In 2002 the Legislature adopted a tough new identity theft law. It made identity theft a felony and provided stiff penalties of up to seven years in prison for the unlawful, unauthorized use of personal identifying information, including names, addresses, driver’s license numbers, Social Security numbers, credit and debit card numbers, bank account numbers, computer passwords, mother’s maiden name and ATM codes.
District Attorney Brown has asked lawmakers to take additional steps in light of changes in the nature and extent of identity theft:
- make the theft of a credit card account number a felony punishable by up to four years in prison and to increase the penalties for the crime of identity theft by creating higher levels of felonies for crimes involving large numbers of victims and substantial amounts of money.
- reduce the cost and inconvenience to victims and businesses by allowing them to submit affidavits rather than appear in person in the Grand Jury to authenticate records or confirm ownership of stolen account numbers.

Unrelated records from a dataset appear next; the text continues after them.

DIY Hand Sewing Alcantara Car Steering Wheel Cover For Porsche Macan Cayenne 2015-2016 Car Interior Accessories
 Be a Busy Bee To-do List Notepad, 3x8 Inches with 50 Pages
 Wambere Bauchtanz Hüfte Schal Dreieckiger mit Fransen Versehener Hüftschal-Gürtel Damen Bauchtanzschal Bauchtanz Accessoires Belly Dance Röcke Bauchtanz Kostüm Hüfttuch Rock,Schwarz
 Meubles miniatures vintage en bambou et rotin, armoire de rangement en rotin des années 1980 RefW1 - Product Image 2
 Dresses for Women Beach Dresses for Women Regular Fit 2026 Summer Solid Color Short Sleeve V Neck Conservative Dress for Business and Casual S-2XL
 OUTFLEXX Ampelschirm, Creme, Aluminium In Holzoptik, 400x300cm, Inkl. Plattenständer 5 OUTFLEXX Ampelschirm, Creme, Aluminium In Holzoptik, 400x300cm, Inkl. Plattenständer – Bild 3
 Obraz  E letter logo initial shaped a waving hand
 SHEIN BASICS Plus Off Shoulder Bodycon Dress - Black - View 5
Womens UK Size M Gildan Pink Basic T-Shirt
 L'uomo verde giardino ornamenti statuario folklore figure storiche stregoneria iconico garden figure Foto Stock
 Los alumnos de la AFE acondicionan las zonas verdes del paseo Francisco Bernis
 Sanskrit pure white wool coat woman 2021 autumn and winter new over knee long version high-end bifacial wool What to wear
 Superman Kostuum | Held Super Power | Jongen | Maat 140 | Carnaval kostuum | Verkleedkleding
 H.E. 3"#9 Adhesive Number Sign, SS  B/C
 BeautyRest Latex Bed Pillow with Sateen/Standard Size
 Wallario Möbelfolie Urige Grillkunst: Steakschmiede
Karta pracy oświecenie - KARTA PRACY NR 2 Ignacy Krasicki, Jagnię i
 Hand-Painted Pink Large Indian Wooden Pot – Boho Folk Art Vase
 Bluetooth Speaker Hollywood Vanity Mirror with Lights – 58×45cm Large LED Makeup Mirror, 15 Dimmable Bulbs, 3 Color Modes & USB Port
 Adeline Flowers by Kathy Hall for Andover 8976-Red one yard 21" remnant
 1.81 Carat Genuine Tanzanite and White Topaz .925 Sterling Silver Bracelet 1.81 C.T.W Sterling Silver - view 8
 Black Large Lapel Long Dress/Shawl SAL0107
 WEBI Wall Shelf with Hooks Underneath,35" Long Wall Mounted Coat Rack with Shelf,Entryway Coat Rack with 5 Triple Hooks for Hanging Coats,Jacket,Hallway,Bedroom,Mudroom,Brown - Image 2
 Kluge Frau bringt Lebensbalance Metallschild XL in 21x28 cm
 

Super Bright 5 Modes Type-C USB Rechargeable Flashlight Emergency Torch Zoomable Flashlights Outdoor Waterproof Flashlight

- provide additional resources to District Attorneys to handle these complex and labor intensive cases, including equipping prosecutors’ offices with specially trained attorneys, detectives and forensic accountants to investigate and prosecute identity theft.
The District Attorney said that instances of identity theft and related financial crimes have risen in recent years and that last year his Economic Crimes Bureau had handled over 2,000 identity theft and fraud complaints.
District Attorney Brown said that New York State stands third in the nation in the number of identity theft complaints and seventh in the nation in per capita identity theft reports. He said that identity theft causes annual losses to businesses and financial institutions of nearly $50 billion and out of pocket costs to consumers of another $5 billion.